[Available records]

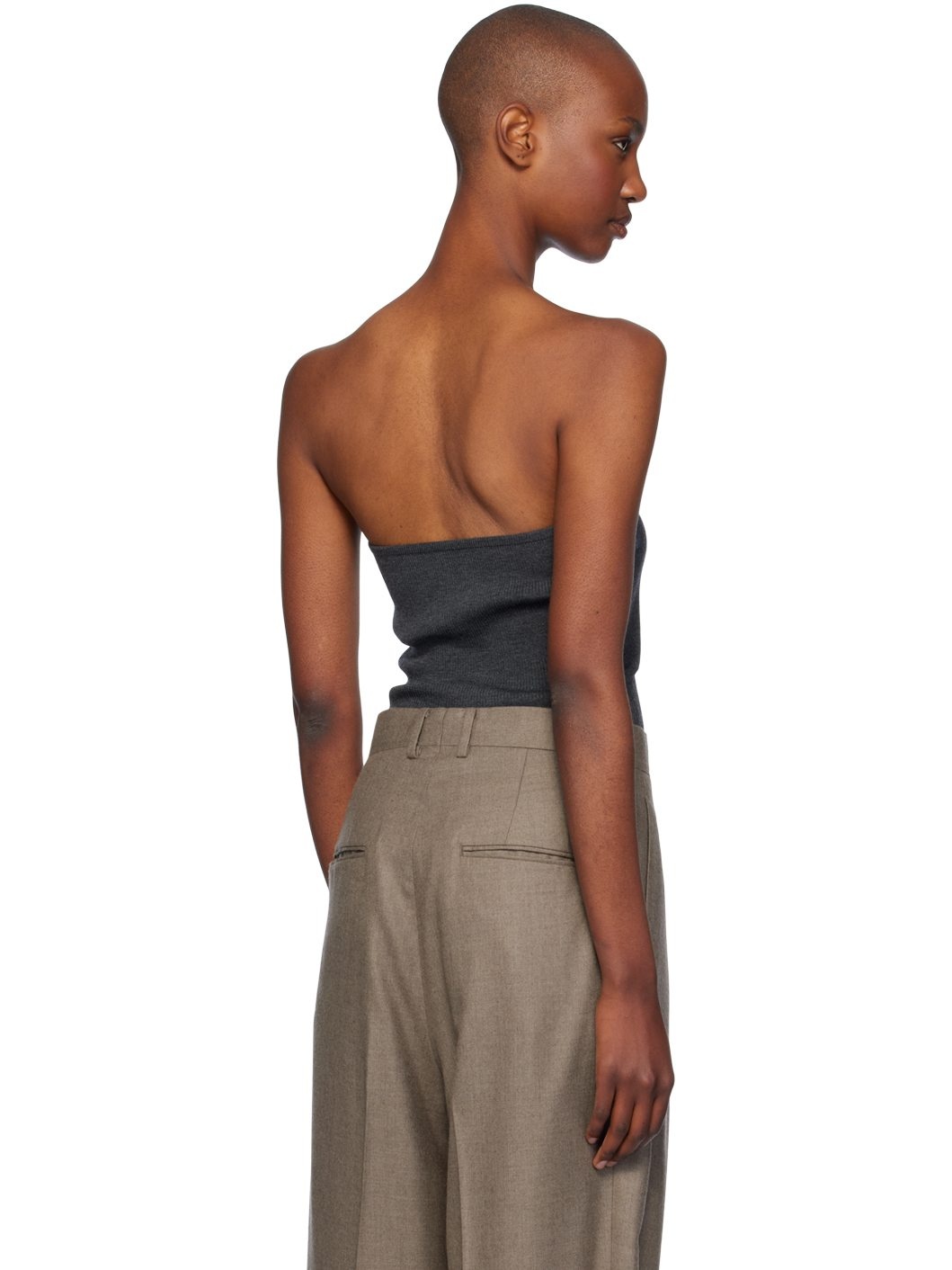 AURALEE Gray Super Fine Wool High Gauge Rib Knit Bandeau Top | REVERSIBLE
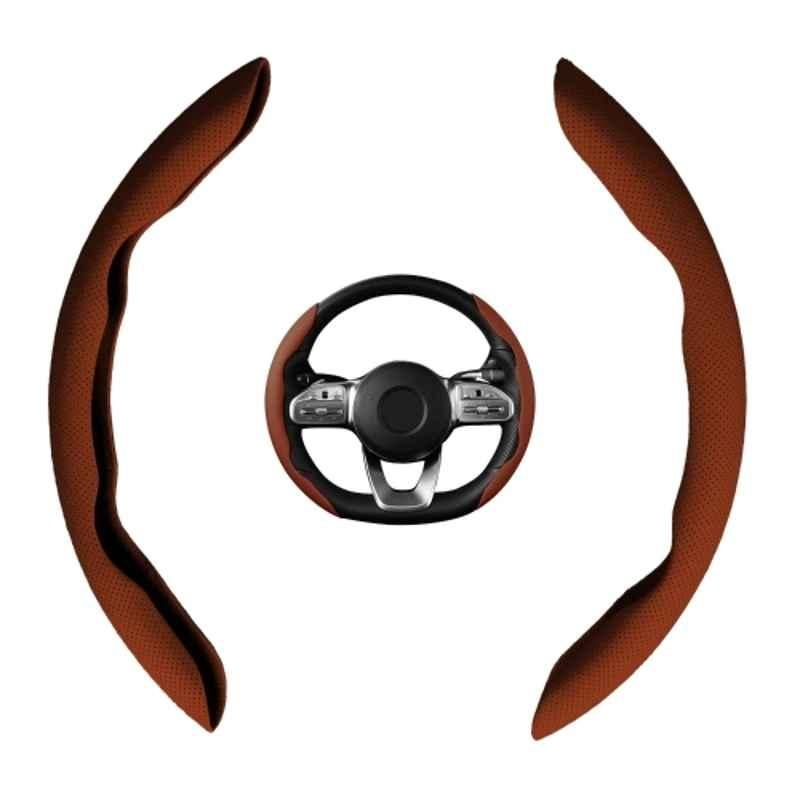 Kingsway Premium 2 Pcs PU Leather Tan Steering Wheel Grip Cover Set for All Cars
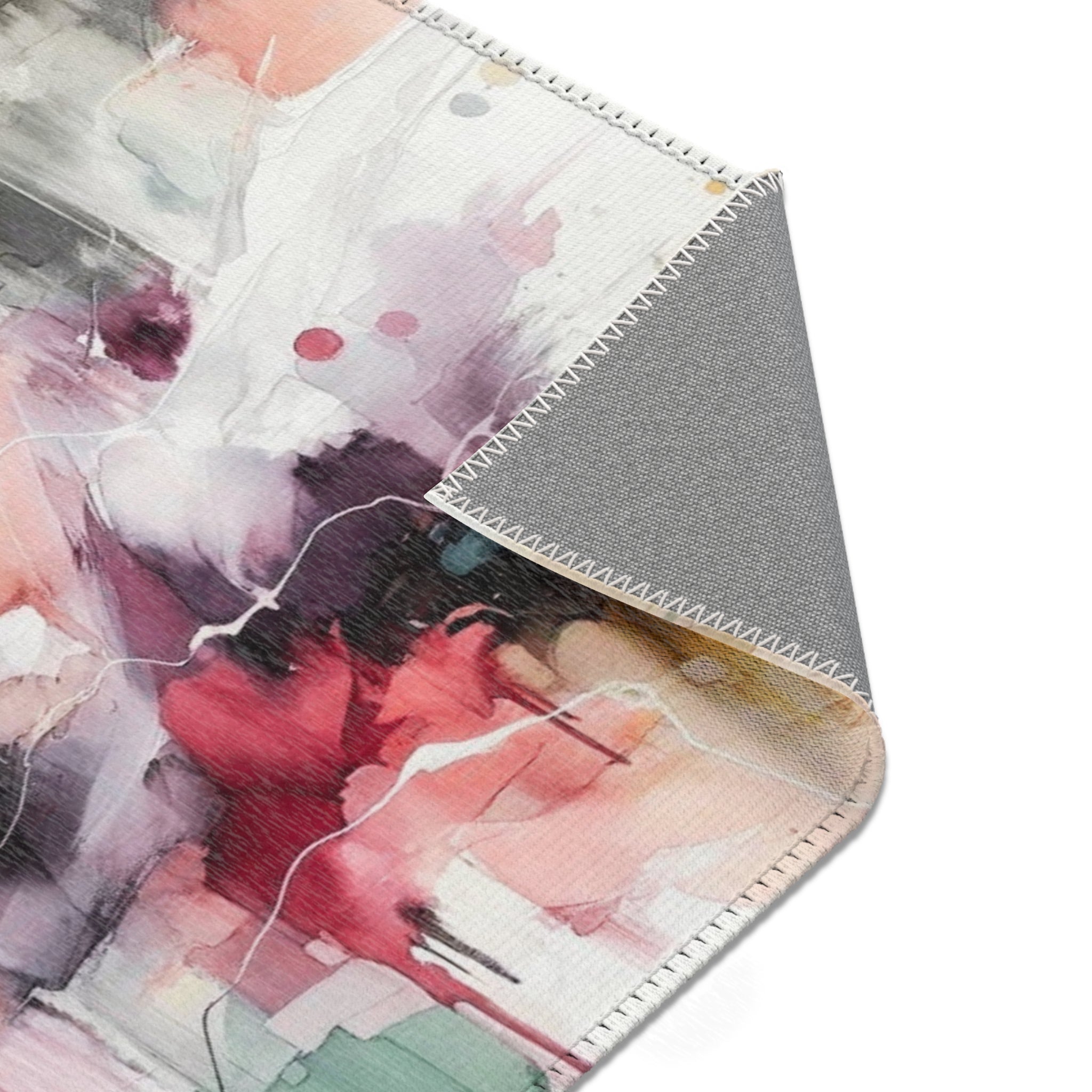 Abstract Large Area Rug | Colorful, White Pink Purple Green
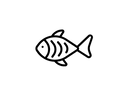 Simple black line drawing of a fish on a white background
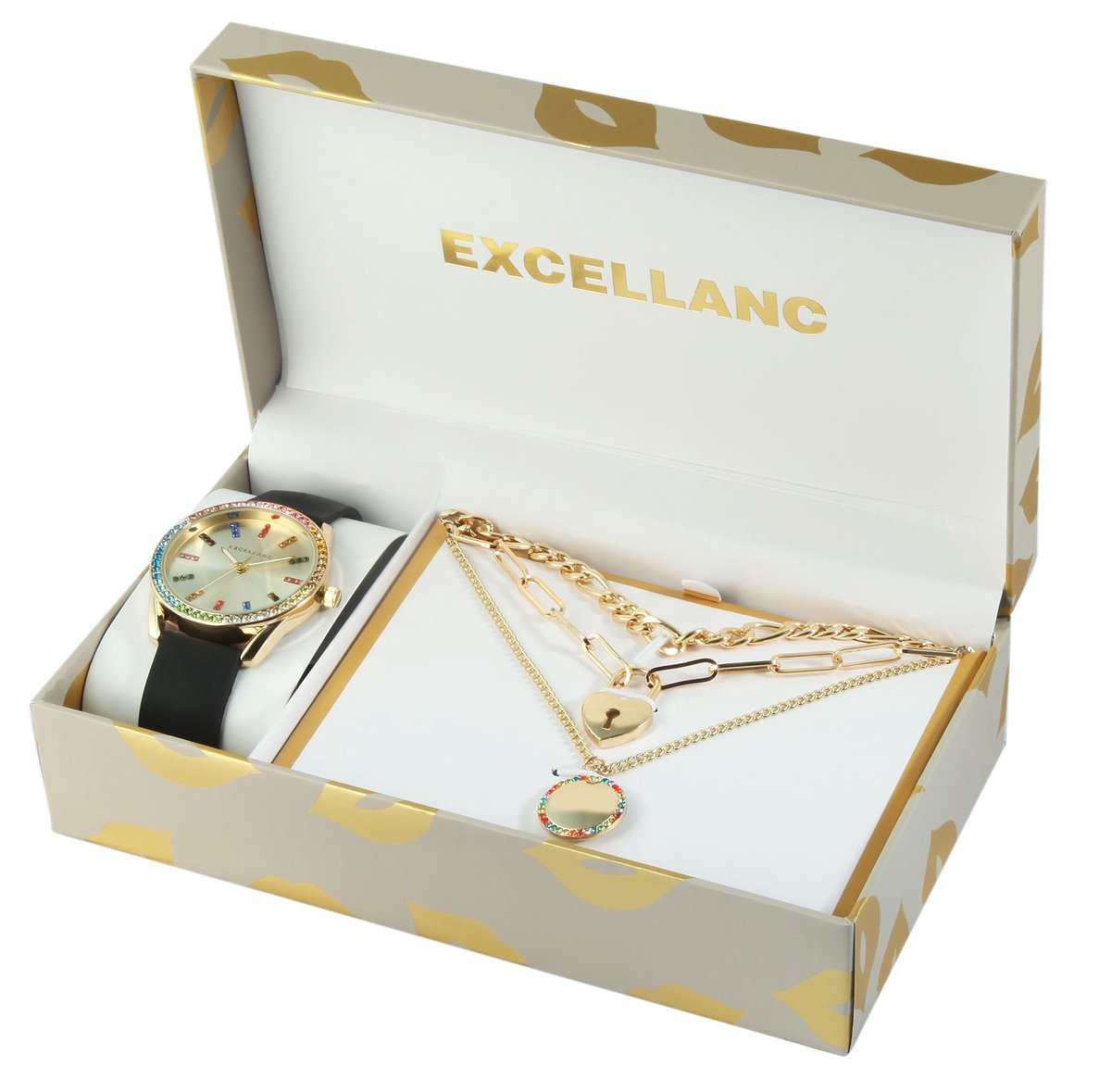 EXCELLANC Excellanc Dames Cadeauset 1900282 Excellanc geschenkset met dameshorloge en drie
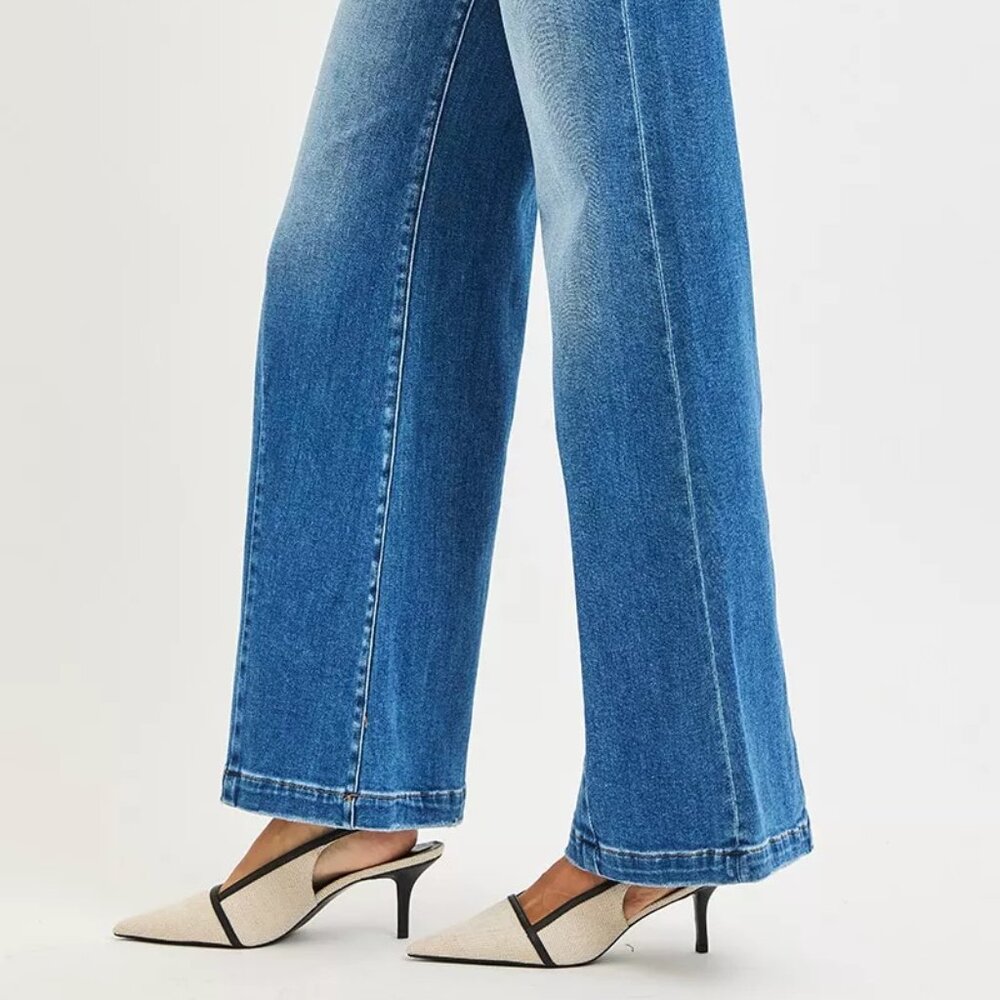 RISEN Full Size Mid Rise Wide Leg Jeans with Flared Look Plus Size - Picture 4 of 6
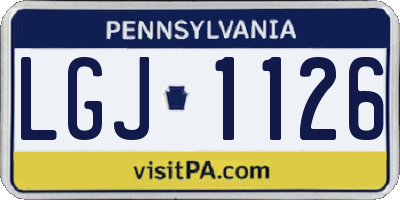 PA license plate LGJ1126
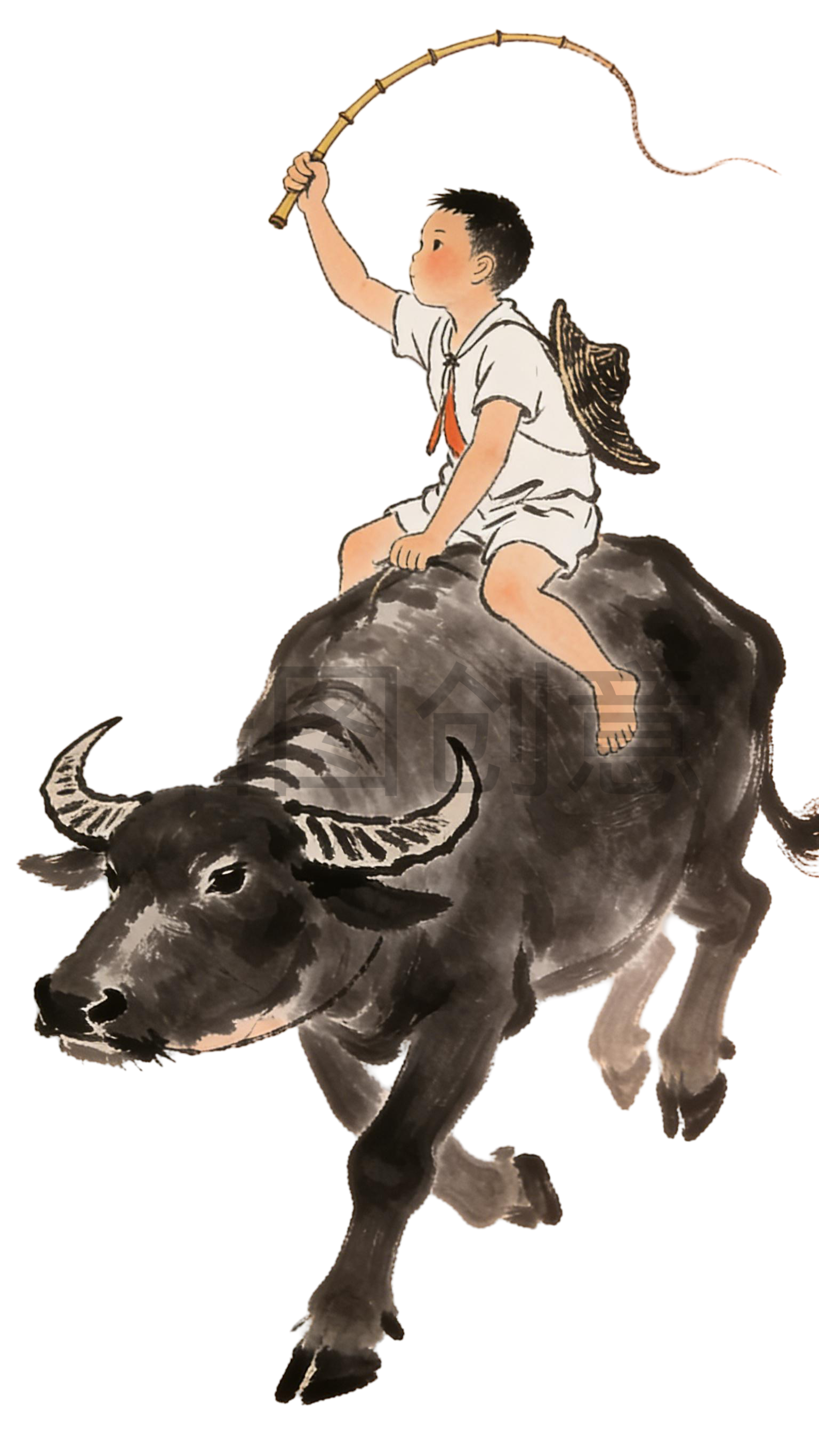 国风水墨风放牛少年元素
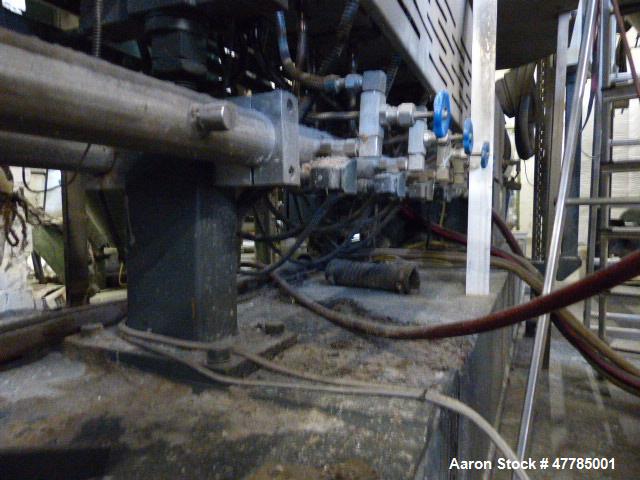 Used Twin Screw Pelletizing Line to include: Coperion STS 65 twin screw extruder, Busch Cobra NC 0250 A vacuum pump, built 1999, Brabender FW80/5 plus 200 volumetric feeder, built 2012, Kreyenborg sc...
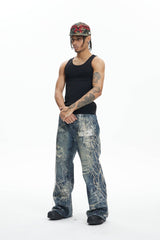 DND4DES Distressed Spider Web Embroidered Jeans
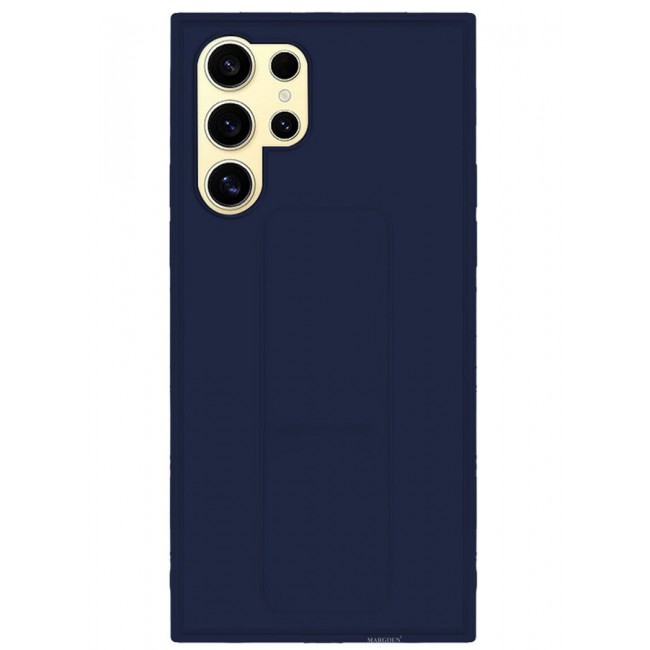 CATANES Samsung Galaxy S24 Ultra Case Magnetic Stand and Holder Premium Silicone Vertical and Horizontal Hand Strap Grip Multi Stand Car Mount Kickstand Case Finger Strap Cover Blue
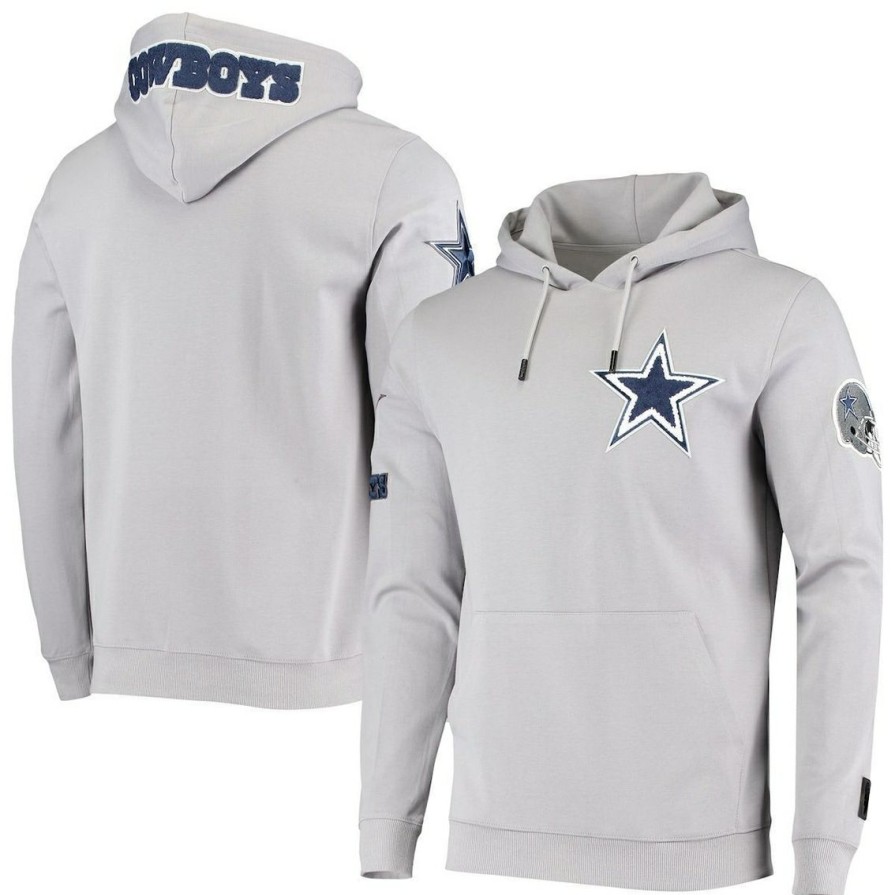 Men'S Clothing * | Brand New Men'S Pro Standard Dallas Cowboys Logo Pullover Hoodie Heather Gray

[Task brief]
Skip all pictures. Write out only the lines from the one containing "EXCELLANC Excellanc Dames" to the end of the listing above, inclusive, exactly as given.

[Exercise solution]
 EXCELLANC Excellanc Dames Cadeauset 1900282 Excellanc geschenkset met dameshorloge en drie
 RISEN Full Size Mid Rise Wide Leg Jeans with Flared Look Plus Size - Picture 4 of 6
 PA license plate LGJ1126
 国风水墨风放牛少年元素
 Used Twin Screw Pelletizing Line to include: Coperion STS 65 twin screw extruder, Busch Cobra NC 0250 A vacuum pump, built 1999, Brabender FW80/5 plus 200 volumetric feeder, built 2012, Kreyenborg sc...
 DND4DES Distressed Spider Web Embroidered Jeans
 CATANES Samsung Galaxy S24 Ultra Case Magnetic Stand and Holder Premium Silicone Vertical and Horizontal Hand Strap Grip Multi Stand Car Mount Kickstand Case Finger Strap Cover Blue
 Men'S Clothing * | Brand New Men'S Pro Standard Dallas Cowboys Logo Pullover Hoodie Heather Gray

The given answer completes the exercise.